Consider x(t) is 1. y(t) must be 0. So we want to drive y^(t) towards 0. We can make this happen by setting e to a sufficiently negative number (say -1) and forcing h(t) to be close to 1. One way to get the desired h(t) is to force z(t) to be close to 1 and set c to a sufficiently positive number and d such that c+d is sufficiently positive. We can force z(t) to be close to 1 by setting a to be a sufficiently positive number and b such that a+b is sufficiently positive.
This prescription operates as if
If x(t) is 1
Set hnew(t) to close to 1.
Reset h(t) to hnew(t)
Drive y^(t) towards 0 by setting e sufficiently negative
The case x(t) is 0 is more involved as y(t) depends on the recent past values of x. Let’s explain it in the following setting:
Time … t t+1 t+2 t+3
x … 1 0 0 0
y … 0 0 0 1
hnew … 1 D=tanh(d) D D
z … 1 ½ ½ ½
h … 1 ½(1+D) ½(h(t+1)+D) ½(h(t+2)+D)h^ … >>0 >>0 >>0 <<0y^ … → 0 → 0 → 0 → 1
There is a lot in here! So let’s walk through it row by row.
We are looking at the situation when processing the last 4 bits of the input x = …1000 in sequence. The corresponding target is y = …0001. We assume that the parameters of the RNN have been somehow chosen just right (or learned) as surfaced below. (These have to be consistent with the settings we used when x(t) was 1, of course.) In short, we are describing the behavior of a fixed network in this situation.
Now look at hnew. When x(t) is 1, we have already discussed that hnew(t) should approach 1. When x(t) is 0, hnew(t) equals tanh(cx(t)+d)=tanh(d). We are calling this D.
Next look at z. When x(t) is 1, we already discussed that z(t) should approach 1. When x(t) is 0, since we want to remember the past, let’s set z(t) to approximately ½. For this, we just need to set b to 0. This can be achieved without unlearning the z(t) that works when x(t) is 1.
For the remaining rows, let’s start from the last row and work our way in. In the y^ row, we describe what we want, given the y targets. Given that we have fixed e to a sufficiently negative number, this gives us what we want from our states. We call them h^.

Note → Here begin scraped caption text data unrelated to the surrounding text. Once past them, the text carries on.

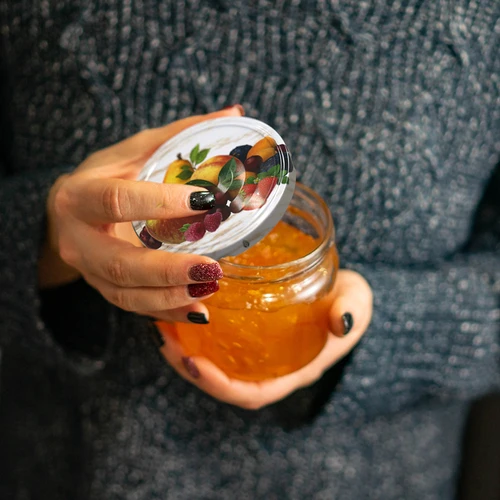 Csavaros tető fi 66/4, gyümölcsmintás, fehér alapon - 10 db. - 6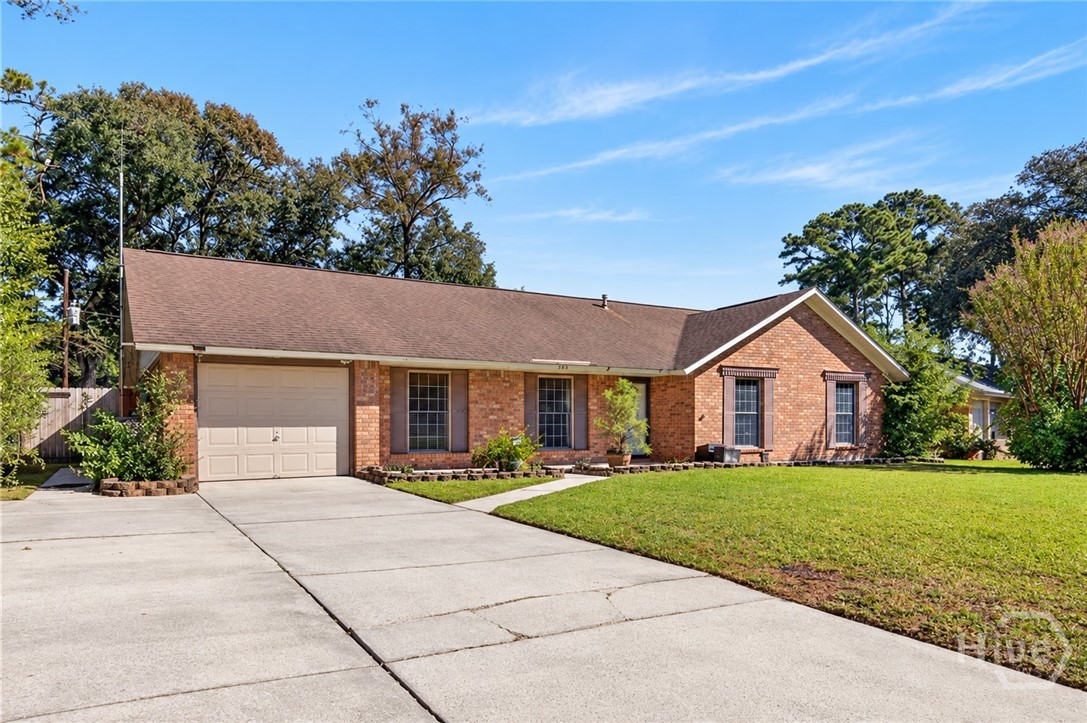 606 Sugarbush Circle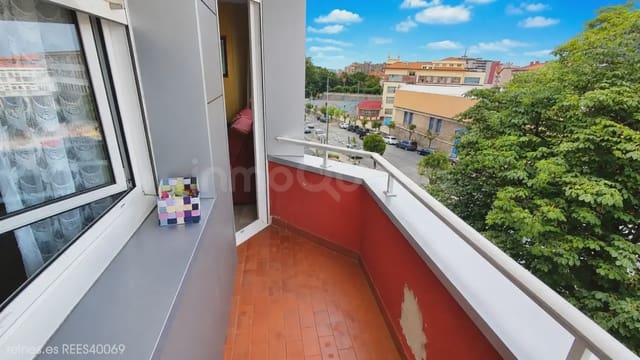 3 Zimmer Wohnung zu verkaufen in Santander mit Garage - 289.000 € (Ref: 9763448)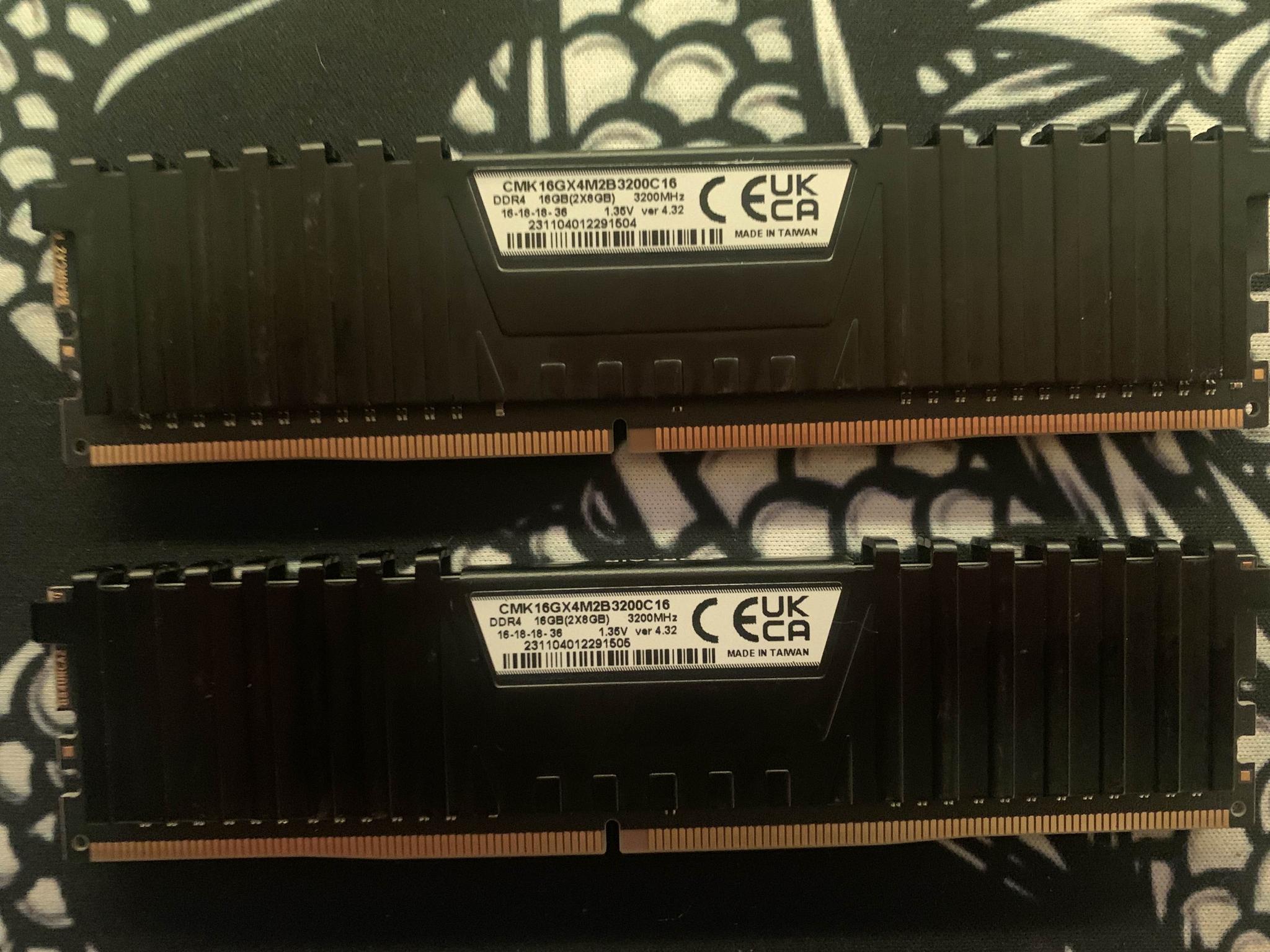 Corsair Vengeance LPX 16GB (2x8GB) DDR4‑3200 CL18 – Black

So now all that remains is to show that h can be made to match up with h^. First let’s zoom into these two rows and while at it also transform h to a more convenient form
h … 1 ½ + ½D ¼ + ¼D + ½D ⅛ + ⅛ D + ¼ D + ½ D
h^ … >> 0 >> 0 >> 0 << 0
It can be seen that choosing D such that -⅓ < D < -1/7 will meet the desiderata. It’s easy to find d such that tanh(d) is in this range.
The prescription for the case x(t) = 0 may be summarized as
If x(t) is 0
Set hnew(t) to be slightly negative.
Set h(t) as average of h(t-1) and hnew(t)

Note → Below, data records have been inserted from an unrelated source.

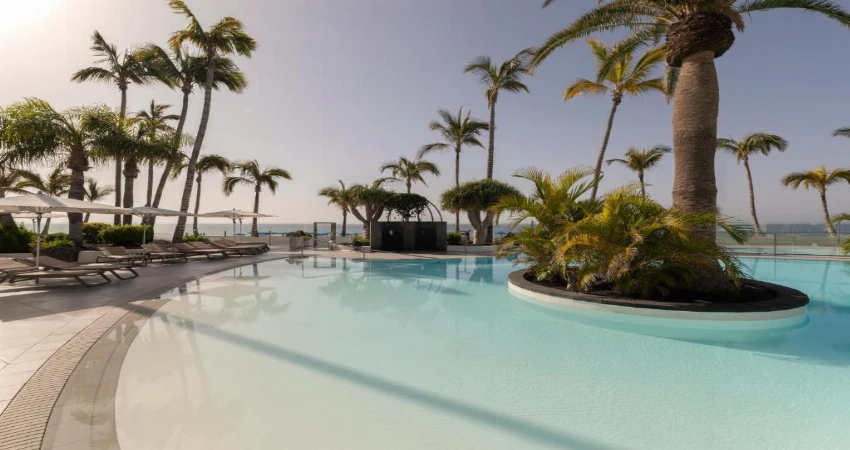 Plus Fariones Suite Hotel view 2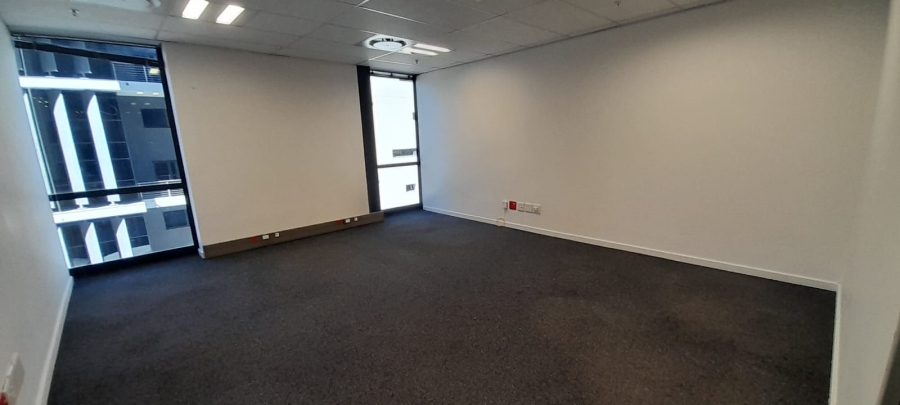 To Let Commercial Property for Rent in Vorna Valley Gauteng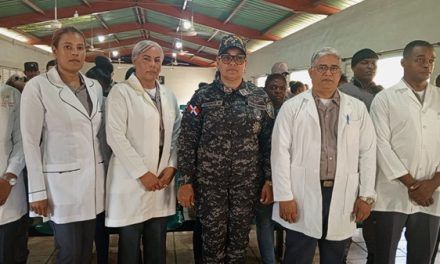 Gran Operativo Médico y Encuentro de Proximidad: La Dirección Regional Sur Central de la Policía Nacional llega al corazón de Baní, marcando una jornada de solidaridad y atención sin precedentes, llevando atención integral a las comunidades y zonas aledañas
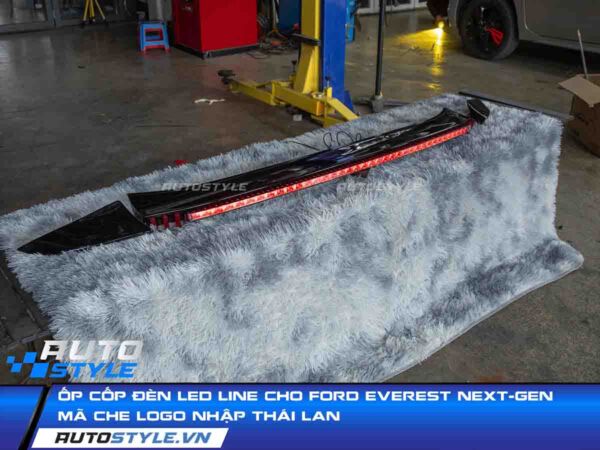 Ốp Cốp Đèn LED Line Cho Ford Everest Next-Gen Mã Che Logo Nhập Thái Lan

So as 0s that follow a 1 are seen, h(t) keeps dropping. If enough 0s are seen, h(t) becomes negative.
Summary
In this post, we discussed recurrent neural networks with and without an explicit ‘forget’ mechanism. We discussed it in the context of a simply-described prediction problem which the simpler RNN is incapable of solving. The RNN with the ‘forget’ mechanism is able to solve this problem.
This post will be useful to readers who’d like to understand how simple RNNs work, how an enhanced version with a forgetting mechanism works (GRU in particular), and how the latter improves upon the former.